Let $E$ be a noncompact and bounded set in $\mathbb{R}^1$. Then there exists a continuous function on $E$ which is notuniformly continuous.

Proof:

"By condition there exists a limit point $x_0$ of $E$ which is not a point of $E$. Consider $$f(x)=\dfrac{1}{x-x_0}\quad (x\in E).$$ This is continuous on $E$, but evidently unbounded.

I am not able to appreciate how evidently the function $f$ is unbounded on $E$.

I have tried to suppose $f$ is bounded on $E$. As $\lim _{x\to x_0} |f(x)| = \infty$ I could possibly conclude. But, the problem is that at this point of the book, Rudin hasn't introduced the limit of a function "diverging" at a point (he has just introduced $\lim _{x\to x_0} f(x) = q \in Y$ where $Y$ is the image metric space of $f$). So, I suspect there is another way to prove this "evident" unboundedness and that Rudin had this in mind.

Answer 1

If $x_0$ is a limit point of $E$, then there is a sequence of points $x_n \in E$ such that $x_n \to x_0$ as $n \to \infty$.

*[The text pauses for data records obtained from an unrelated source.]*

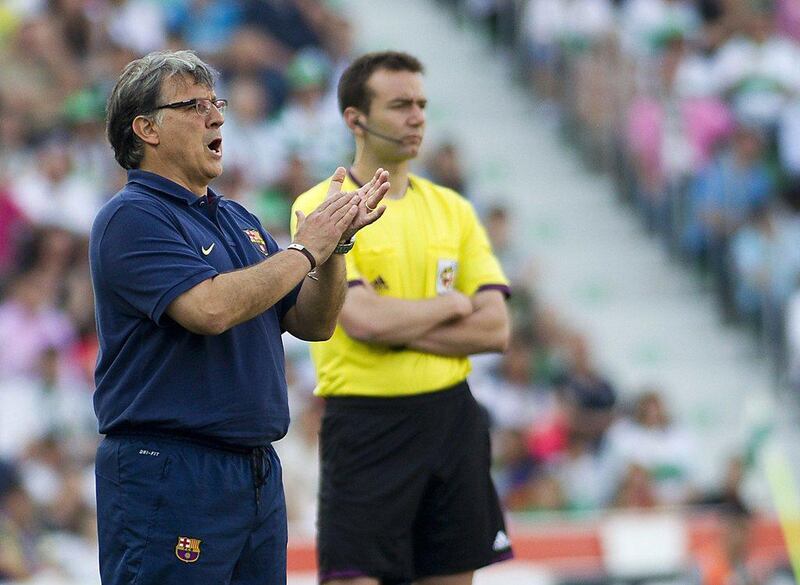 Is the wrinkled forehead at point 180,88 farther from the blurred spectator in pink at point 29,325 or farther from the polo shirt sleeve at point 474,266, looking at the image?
the blurred spectator in pink at point 29,325

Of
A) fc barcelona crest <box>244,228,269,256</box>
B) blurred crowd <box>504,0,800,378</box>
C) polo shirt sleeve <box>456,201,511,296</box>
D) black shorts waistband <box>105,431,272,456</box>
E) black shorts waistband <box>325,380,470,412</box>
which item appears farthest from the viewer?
blurred crowd <box>504,0,800,378</box>

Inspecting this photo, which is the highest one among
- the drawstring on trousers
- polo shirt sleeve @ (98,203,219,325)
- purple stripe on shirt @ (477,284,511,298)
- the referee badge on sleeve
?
polo shirt sleeve @ (98,203,219,325)

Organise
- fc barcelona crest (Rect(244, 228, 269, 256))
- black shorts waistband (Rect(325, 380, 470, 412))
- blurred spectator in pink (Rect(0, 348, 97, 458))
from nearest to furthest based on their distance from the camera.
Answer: fc barcelona crest (Rect(244, 228, 269, 256))
black shorts waistband (Rect(325, 380, 470, 412))
blurred spectator in pink (Rect(0, 348, 97, 458))

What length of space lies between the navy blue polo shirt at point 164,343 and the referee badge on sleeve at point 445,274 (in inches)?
50.2

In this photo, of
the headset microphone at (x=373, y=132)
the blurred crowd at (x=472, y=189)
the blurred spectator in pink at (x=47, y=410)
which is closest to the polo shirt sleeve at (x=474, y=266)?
the headset microphone at (x=373, y=132)

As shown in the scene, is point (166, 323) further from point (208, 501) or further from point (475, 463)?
point (475, 463)

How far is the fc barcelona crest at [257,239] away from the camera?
4.62 meters

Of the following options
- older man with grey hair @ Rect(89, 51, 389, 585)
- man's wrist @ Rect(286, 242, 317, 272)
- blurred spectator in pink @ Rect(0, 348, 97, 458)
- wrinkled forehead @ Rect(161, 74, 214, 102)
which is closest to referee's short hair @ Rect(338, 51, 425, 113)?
older man with grey hair @ Rect(89, 51, 389, 585)

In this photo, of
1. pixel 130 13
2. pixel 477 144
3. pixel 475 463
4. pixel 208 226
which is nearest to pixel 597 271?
A: pixel 477 144

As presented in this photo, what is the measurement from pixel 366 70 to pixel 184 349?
1723mm

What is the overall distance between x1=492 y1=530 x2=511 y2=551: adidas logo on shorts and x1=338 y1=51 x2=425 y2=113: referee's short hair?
159cm

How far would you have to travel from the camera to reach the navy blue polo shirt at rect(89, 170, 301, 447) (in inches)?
166

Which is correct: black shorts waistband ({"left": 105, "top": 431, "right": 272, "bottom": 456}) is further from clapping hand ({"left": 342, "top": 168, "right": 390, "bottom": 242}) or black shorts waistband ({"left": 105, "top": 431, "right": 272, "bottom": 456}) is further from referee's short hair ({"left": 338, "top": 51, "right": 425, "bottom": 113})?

This implies by the definition of a limit (already introduced by Rudin) that for any $K > 0$ there exists $m \in \mathbb{N}$ such that $|x_m - x_0| < \frac1{K}$ and $f(x_m) =\frac{1}{|x_m - x_0|} > K$. Hence $f$ is unbounded on $E$.

Answer 2

$\lim_{x\to x_0}|f(x)|=\infty$ is exactly a way to conclude that it is unbounded.

It is 'evident' because if $\left|\frac{1}{x-x_0}\right|<M$ for all $x\neq x_0$ we could contradict that with $x=x_0+\frac{1}{2M}$ (say). Rudin probably has in mind an intuitive sense of unboundedness or divergence, but honestly if you're studying uniform continuity (a more advanced concept) you should already know what is meant by that. If Rudin is supposed to teach from square one, then divergence really should have been taught earlier in the book!

Answer 3

Rudin introduced the concept of convergence in Chapter 3. But as you say, he did not define "convergence to the improper limit $\infty$".

However, the concept of convergence is not needed in the proof.

By Theorem 2.41 the non-compact set $E$ contains an infinite subset $F$ having no limit point in $E$. Since $E$ is bounded, also $F$ is bounded and by Theorem 2.42 it has a limit point $x_0 \in \mathbb R$. Clearly $x_0 \notin E$. Thus $x_0$ is a limit point of $E$ which does not belong to $E$. By Definition 2.18 we find for each $n \in \mathbb N$ an element $x_n \in E$ such that $\lvert x_n - x_0 \rvert < 1/n$. Thus $$\left\lvert \frac{1}{x_n - x_0} \right\rvert > n$$ which shows that the functon $f$ is unbounded on $E$.